TASK> When you retype the listing, keep every word exactly as it appears.

MATERIAL FOR THIS EXERCISE>
################

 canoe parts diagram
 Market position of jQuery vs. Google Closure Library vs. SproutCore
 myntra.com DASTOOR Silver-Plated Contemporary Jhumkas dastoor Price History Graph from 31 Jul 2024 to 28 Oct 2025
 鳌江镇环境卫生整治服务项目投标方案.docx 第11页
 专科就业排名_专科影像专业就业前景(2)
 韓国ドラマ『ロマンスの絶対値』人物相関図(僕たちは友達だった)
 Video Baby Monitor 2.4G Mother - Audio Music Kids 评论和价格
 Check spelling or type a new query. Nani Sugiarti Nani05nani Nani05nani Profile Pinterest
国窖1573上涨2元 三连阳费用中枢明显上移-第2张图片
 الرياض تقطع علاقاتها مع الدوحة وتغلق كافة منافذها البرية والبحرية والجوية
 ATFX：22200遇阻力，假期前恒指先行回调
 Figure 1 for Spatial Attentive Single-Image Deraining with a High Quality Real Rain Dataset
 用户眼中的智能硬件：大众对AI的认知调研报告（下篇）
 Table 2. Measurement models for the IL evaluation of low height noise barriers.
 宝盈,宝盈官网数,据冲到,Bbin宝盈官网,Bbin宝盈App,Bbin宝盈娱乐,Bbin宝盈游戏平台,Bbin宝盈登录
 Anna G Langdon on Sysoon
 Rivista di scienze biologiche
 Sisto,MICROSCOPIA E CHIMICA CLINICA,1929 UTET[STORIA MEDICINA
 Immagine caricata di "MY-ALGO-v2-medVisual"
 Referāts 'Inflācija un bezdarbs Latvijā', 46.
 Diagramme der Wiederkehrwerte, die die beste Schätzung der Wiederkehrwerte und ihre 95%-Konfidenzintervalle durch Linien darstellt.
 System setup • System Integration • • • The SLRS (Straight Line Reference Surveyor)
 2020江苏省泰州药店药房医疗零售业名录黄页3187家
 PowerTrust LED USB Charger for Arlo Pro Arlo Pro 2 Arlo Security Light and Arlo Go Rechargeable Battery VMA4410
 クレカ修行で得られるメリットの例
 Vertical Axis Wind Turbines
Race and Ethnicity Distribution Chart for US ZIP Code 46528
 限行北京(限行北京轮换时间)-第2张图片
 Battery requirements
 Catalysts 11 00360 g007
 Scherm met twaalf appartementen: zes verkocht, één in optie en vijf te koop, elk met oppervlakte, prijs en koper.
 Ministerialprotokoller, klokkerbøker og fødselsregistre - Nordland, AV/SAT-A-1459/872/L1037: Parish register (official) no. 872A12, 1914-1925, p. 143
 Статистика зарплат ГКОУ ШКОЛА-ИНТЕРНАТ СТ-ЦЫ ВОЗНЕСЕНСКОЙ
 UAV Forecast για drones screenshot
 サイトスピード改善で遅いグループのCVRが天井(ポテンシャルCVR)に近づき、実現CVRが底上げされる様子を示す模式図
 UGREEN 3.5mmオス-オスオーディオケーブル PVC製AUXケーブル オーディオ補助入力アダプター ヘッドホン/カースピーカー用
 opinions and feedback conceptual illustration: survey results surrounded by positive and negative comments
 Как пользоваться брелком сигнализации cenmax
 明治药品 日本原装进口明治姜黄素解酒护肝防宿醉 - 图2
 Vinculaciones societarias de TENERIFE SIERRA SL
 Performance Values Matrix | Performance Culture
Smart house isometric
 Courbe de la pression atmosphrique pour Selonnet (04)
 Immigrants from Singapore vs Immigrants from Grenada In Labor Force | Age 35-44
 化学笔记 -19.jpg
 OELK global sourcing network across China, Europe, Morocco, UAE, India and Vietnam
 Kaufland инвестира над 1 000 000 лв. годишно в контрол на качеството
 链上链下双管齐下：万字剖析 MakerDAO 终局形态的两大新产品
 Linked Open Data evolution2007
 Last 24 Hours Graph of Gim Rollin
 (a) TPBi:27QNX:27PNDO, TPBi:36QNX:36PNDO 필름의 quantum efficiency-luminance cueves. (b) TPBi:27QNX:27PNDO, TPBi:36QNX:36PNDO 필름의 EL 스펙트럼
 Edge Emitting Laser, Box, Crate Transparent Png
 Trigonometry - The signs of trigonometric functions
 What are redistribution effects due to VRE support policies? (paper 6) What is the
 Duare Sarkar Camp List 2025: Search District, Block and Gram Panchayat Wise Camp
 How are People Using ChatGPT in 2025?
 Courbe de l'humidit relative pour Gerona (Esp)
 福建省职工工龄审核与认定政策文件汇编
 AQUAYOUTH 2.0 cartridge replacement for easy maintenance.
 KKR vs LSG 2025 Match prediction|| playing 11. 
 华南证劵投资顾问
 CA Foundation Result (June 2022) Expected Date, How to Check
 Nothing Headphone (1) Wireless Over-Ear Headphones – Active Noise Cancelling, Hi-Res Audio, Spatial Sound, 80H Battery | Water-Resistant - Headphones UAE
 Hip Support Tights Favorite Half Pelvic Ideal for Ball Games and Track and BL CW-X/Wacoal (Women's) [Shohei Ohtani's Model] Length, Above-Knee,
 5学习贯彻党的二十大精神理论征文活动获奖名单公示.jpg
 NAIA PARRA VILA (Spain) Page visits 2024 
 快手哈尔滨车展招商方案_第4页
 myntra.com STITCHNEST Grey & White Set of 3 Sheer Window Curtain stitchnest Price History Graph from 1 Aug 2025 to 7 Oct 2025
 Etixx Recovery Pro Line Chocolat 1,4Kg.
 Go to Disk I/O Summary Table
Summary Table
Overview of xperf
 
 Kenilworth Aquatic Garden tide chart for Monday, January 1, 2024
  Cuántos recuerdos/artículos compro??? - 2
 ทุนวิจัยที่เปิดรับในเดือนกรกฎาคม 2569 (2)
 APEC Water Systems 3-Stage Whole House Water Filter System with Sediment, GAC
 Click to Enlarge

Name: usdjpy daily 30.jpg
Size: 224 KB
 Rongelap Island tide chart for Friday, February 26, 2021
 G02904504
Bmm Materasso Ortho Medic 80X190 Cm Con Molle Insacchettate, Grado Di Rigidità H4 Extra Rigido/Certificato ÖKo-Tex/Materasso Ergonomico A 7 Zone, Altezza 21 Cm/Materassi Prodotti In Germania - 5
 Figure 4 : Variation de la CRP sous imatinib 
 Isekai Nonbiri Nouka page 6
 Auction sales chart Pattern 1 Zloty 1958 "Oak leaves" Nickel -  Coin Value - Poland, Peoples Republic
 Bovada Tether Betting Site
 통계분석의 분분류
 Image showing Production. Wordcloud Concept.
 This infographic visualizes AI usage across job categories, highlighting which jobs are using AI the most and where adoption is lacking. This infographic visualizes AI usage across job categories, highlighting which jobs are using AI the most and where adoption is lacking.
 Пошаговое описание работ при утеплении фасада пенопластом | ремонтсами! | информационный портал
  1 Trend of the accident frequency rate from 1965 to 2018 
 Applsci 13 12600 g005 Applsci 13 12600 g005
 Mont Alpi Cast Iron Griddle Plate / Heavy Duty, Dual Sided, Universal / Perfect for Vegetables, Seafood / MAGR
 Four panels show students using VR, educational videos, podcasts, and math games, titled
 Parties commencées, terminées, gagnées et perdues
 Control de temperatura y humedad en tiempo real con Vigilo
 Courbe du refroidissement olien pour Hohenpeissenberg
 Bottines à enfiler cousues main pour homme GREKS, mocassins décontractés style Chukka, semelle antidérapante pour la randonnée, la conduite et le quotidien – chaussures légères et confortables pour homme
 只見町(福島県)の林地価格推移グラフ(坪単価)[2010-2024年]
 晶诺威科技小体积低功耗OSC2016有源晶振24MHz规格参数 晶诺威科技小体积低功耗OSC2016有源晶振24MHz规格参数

################

OUTPUT FOR THIS EXERCISE>
 canoe parts diagram
 Market position of jQuery vs. Google Closure Library vs. SproutCore
 myntra.com DASTOOR Silver-Plated Contemporary Jhumkas dastoor Price History Graph from 31 Jul 2024 to 28 Oct 2025
 鳌江镇环境卫生整治服务项目投标方案.docx 第11页
 专科就业排名_专科影像专业就业前景(2)
 韓国ドラマ『ロマンスの絶対値』人物相関図(僕たちは友達だった)
 Video Baby Monitor 2.4G Mother - Audio Music Kids 评论和价格
 Check spelling or type a new query. Nani Sugiarti Nani05nani Nani05nani Profile Pinterest
国窖1573上涨2元 三连阳费用中枢明显上移-第2张图片
 الرياض تقطع علاقاتها مع الدوحة وتغلق كافة منافذها البرية والبحرية والجوية
 ATFX：22200遇阻力，假期前恒指先行回调
 Figure 1 for Spatial Attentive Single-Image Deraining with a High Quality Real Rain Dataset
 用户眼中的智能硬件：大众对AI的认知调研报告（下篇）
 Table 2. Measurement models for the IL evaluation of low height noise barriers.
 宝盈,宝盈官网数,据冲到,Bbin宝盈官网,Bbin宝盈App,Bbin宝盈娱乐,Bbin宝盈游戏平台,Bbin宝盈登录
 Anna G Langdon on Sysoon
 Rivista di scienze biologiche
 Sisto,MICROSCOPIA E CHIMICA CLINICA,1929 UTET[STORIA MEDICINA
 Immagine caricata di "MY-ALGO-v2-medVisual"
 Referāts 'Inflācija un bezdarbs Latvijā', 46.
 Diagramme der Wiederkehrwerte, die die beste Schätzung der Wiederkehrwerte und ihre 95%-Konfidenzintervalle durch Linien darstellt.
 System setup • System Integration • • • The SLRS (Straight Line Reference Surveyor)
 2020江苏省泰州药店药房医疗零售业名录黄页3187家
 PowerTrust LED USB Charger for Arlo Pro Arlo Pro 2 Arlo Security Light and Arlo Go Rechargeable Battery VMA4410
 クレカ修行で得られるメリットの例
 Vertical Axis Wind Turbines
Race and Ethnicity Distribution Chart for US ZIP Code 46528
 限行北京(限行北京轮换时间)-第2张图片
 Battery requirements
 Catalysts 11 00360 g007
 Scherm met twaalf appartementen: zes verkocht, één in optie en vijf te koop, elk met oppervlakte, prijs en koper.
 Ministerialprotokoller, klokkerbøker og fødselsregistre - Nordland, AV/SAT-A-1459/872/L1037: Parish register (official) no. 872A12, 1914-1925, p. 143
 Статистика зарплат ГКОУ ШКОЛА-ИНТЕРНАТ СТ-ЦЫ ВОЗНЕСЕНСКОЙ
 UAV Forecast για drones screenshot
 サイトスピード改善で遅いグループのCVRが天井(ポテンシャルCVR)に近づき、実現CVRが底上げされる様子を示す模式図
 UGREEN 3.5mmオス-オスオーディオケーブル PVC製AUXケーブル オーディオ補助入力アダプター ヘッドホン/カースピーカー用
 opinions and feedback conceptual illustration: survey results surrounded by positive and negative comments
 Как пользоваться брелком сигнализации cenmax
 明治药品 日本原装进口明治姜黄素解酒护肝防宿醉 - 图2
 Vinculaciones societarias de TENERIFE SIERRA SL
 Performance Values Matrix | Performance Culture
Smart house isometric
 Courbe de la pression atmosphrique pour Selonnet (04)
 Immigrants from Singapore vs Immigrants from Grenada In Labor Force | Age 35-44
 化学笔记 -19.jpg
 OELK global sourcing network across China, Europe, Morocco, UAE, India and Vietnam
 Kaufland инвестира над 1 000 000 лв. годишно в контрол на качеството
 链上链下双管齐下：万字剖析 MakerDAO 终局形态的两大新产品
 Linked Open Data evolution2007
 Last 24 Hours Graph of Gim Rollin
 (a) TPBi:27QNX:27PNDO, TPBi:36QNX:36PNDO 필름의 quantum efficiency-luminance cueves. (b) TPBi:27QNX:27PNDO, TPBi:36QNX:36PNDO 필름의 EL 스펙트럼
 Edge Emitting Laser, Box, Crate Transparent Png
 Trigonometry - The signs of trigonometric functions
 What are redistribution effects due to VRE support policies? (paper 6) What is the
 Duare Sarkar Camp List 2025: Search District, Block and Gram Panchayat Wise Camp
 How are People Using ChatGPT in 2025?
 Courbe de l'humidit relative pour Gerona (Esp)
 福建省职工工龄审核与认定政策文件汇编
 AQUAYOUTH 2.0 cartridge replacement for easy maintenance.
 KKR vs LSG 2025 Match prediction|| playing 11. 
 华南证劵投资顾问
 CA Foundation Result (June 2022) Expected Date, How to Check
 Nothing Headphone (1) Wireless Over-Ear Headphones – Active Noise Cancelling, Hi-Res Audio, Spatial Sound, 80H Battery | Water-Resistant - Headphones UAE
 Hip Support Tights Favorite Half Pelvic Ideal for Ball Games and Track and BL CW-X/Wacoal (Women's) [Shohei Ohtani's Model] Length, Above-Knee,
 5学习贯彻党的二十大精神理论征文活动获奖名单公示.jpg
 NAIA PARRA VILA (Spain) Page visits 2024 
 快手哈尔滨车展招商方案_第4页
 myntra.com STITCHNEST Grey & White Set of 3 Sheer Window Curtain stitchnest Price History Graph from 1 Aug 2025 to 7 Oct 2025
 Etixx Recovery Pro Line Chocolat 1,4Kg.
 Go to Disk I/O Summary Table
Summary Table
Overview of xperf
 
 Kenilworth Aquatic Garden tide chart for Monday, January 1, 2024
  Cuántos recuerdos/artículos compro??? - 2
 ทุนวิจัยที่เปิดรับในเดือนกรกฎาคม 2569 (2)
 APEC Water Systems 3-Stage Whole House Water Filter System with Sediment, GAC
 Click to Enlarge

Name: usdjpy daily 30.jpg
Size: 224 KB
 Rongelap Island tide chart for Friday, February 26, 2021
 G02904504
Bmm Materasso Ortho Medic 80X190 Cm Con Molle Insacchettate, Grado Di Rigidità H4 Extra Rigido/Certificato ÖKo-Tex/Materasso Ergonomico A 7 Zone, Altezza 21 Cm/Materassi Prodotti In Germania - 5
 Figure 4 : Variation de la CRP sous imatinib 
 Isekai Nonbiri Nouka page 6
 Auction sales chart Pattern 1 Zloty 1958 "Oak leaves" Nickel -  Coin Value - Poland, Peoples Republic
 Bovada Tether Betting Site
 통계분석의 분분류
 Image showing Production. Wordcloud Concept.
 This infographic visualizes AI usage across job categories, highlighting which jobs are using AI the most and where adoption is lacking. This infographic visualizes AI usage across job categories, highlighting which jobs are using AI the most and where adoption is lacking.
 Пошаговое описание работ при утеплении фасада пенопластом | ремонтсами! | информационный портал
  1 Trend of the accident frequency rate from 1965 to 2018 
 Applsci 13 12600 g005 Applsci 13 12600 g005
 Mont Alpi Cast Iron Griddle Plate / Heavy Duty, Dual Sided, Universal / Perfect for Vegetables, Seafood / MAGR
 Four panels show students using VR, educational videos, podcasts, and math games, titled
 Parties commencées, terminées, gagnées et perdues
 Control de temperatura y humedad en tiempo real con Vigilo
 Courbe du refroidissement olien pour Hohenpeissenberg
 Bottines à enfiler cousues main pour homme GREKS, mocassins décontractés style Chukka, semelle antidérapante pour la randonnée, la conduite et le quotidien – chaussures légères et confortables pour homme
 只見町(福島県)の林地価格推移グラフ(坪単価)[2010-2024年]
 晶诺威科技小体积低功耗OSC2016有源晶振24MHz规格参数 晶诺威科技小体积低功耗OSC2016有源晶振24MHz规格参数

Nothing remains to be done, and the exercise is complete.